Complex tools with many parameters or behaviors need more documentation. Simple tools need less. This dimension scales expectations accordingly.

Parameters3/5

Does the description clarify parameter syntax, constraints, interactions, or defaults beyond what the schema provides?

The input schema has 100% description coverage, with the single parameter 'prompt' well-documented. The description doesn't add any meaning beyond what the schema provides, as it doesn't elaborate on prompt formatting or constraints. With high schema coverage, the baseline score of 3 is appropriate.

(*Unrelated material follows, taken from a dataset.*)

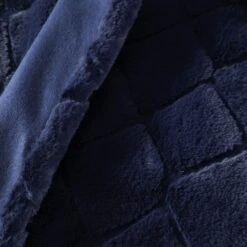 Catherine Lansfield Cosy Diamond 130cm X 170cm Throw 27 Catherine Lansfield Cosy Diamond 130cm X 170cm Throw -Online Home Furnishings 30812049 alt02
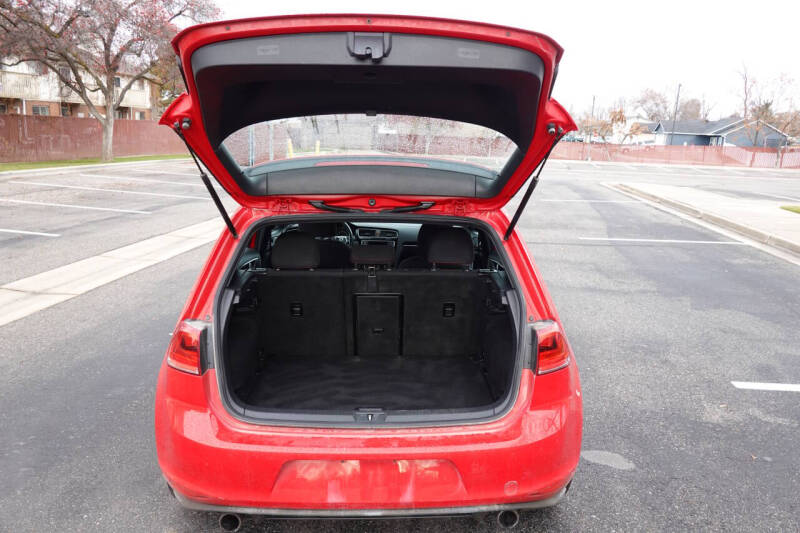 2016 Volkswagen Golf GTI S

Input schemas describe structure but not intent. Descriptions should explain non-obvious parameter relationships and valid value ranges.

Purpose4/5

Does the description clearly state what the tool does and how it differs from similar tools?

The description clearly states the tool's purpose: 'generate an image using the Flux model.' It specifies the action (generate) and resource (image) with the specific model (Flux). However, it doesn't explicitly differentiate from the sibling tool 'run_python_code_in_sandbox,' which appears unrelated but could potentially be used for similar image generation tasks, so it lacks sibling differentiation.

Agents choose between tools based on descriptions. A clear purpose with a specific verb and resource helps agents select the right tool.

Usage Guidelines2/5

Does the description explain when to use this tool, when not to, or what alternatives exist?

The description provides no guidance on when to use this tool versus alternatives. It doesn't mention any context, prerequisites, or exclusions, nor does it reference the sibling tool. Usage is implied only by the purpose statement, with no explicit when/when-not instructions.

Agents often have multiple tools that could apply. Explicit usage guidance like "use X instead of Y when Z" prevents misuse.